6.5-7' med.-med hvy fast action rod assuming you are using spinning tackle. 

Suspending Jerkbaits (Strike King 'Wild Shiner' or Husky Jerks)
Med-Large sized 8-12 ft deep crankbaits(Norman or Bandit)upsize the hooks if possible.
Terminator 1/2, 3/4, 1oz spinnerbaits
Buzzbaits 1/2, 3/8oz (black and chart)
Spare skirts 

hook extractor


----------



## 10fish (May 12, 2005)

1-st- call the lodge/resort get a list of fish in the system - weight= money, don't take bass or any other gear that don't need.
2- cheap handheld gps- to mark spots 
3- good hook remover, light jaw spreader
4- lots of weeds , I mean lots of weeds 
5- get some good split rings and quality siwash hooks to convert most any lure to a single hook you can add a twister tail to and make it weedless.
6- if no bass--- #2,#3 Blue Fox Spinner All silver and all gold
7- #2 & #4 Johnson Silver minnow add a twister tail
8 - order a bunch of spoon blanks ( various colors) from Janns netcraft - it's way cheaper to get them in blanks in assorted colors and add your own hooks.
9- Red/White daredevil/ 5 diamonds/ williams wobber
10- erie deries- yep they work up there and get deep add a twister tail
11- 7 strand wire nylon coated leaders- use the smallest you can get away with
12- the best snaps and swivels you can get ( black) don't waste you time with the cheap eagle claw type- you will regret it.
13- 3 inch twister tails- yellow. white. black, orange
14- husky jerk - 4 inch clown color
15- MOST IMPORTANT- don't just cast and retrieve- I think it's lure action more than color. Make your bait appear worn out and scared , then running for its life.
I learned this from our guide up north last year- cast a husky jerk, then let it set while you grab a drink or fire up a smoke, then pop your rod firmly 2-3 times pause a while repeat ,the pike will move up on it and watch it , the next time you pop the rod the pike will slam it thinking that it's lunch has regained its senses and is getting away.
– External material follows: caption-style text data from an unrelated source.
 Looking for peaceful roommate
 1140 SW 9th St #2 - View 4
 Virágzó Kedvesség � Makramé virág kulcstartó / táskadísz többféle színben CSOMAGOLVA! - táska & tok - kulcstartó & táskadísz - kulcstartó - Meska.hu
With spoons they work various ways, we have success making the spoon rise and fall while retrieving, they usually hit just after the fall when you lure is on the rise. Pull the rod tip sharply and crank when you lower the tip, repeat.

As you can tell by the vast recommendations Pike aren't that picky if you can find them.
It's been very hot even for Canada don't focus only on weeds and weed lines. Think deep and slow if you don't hook-em in the weed areas.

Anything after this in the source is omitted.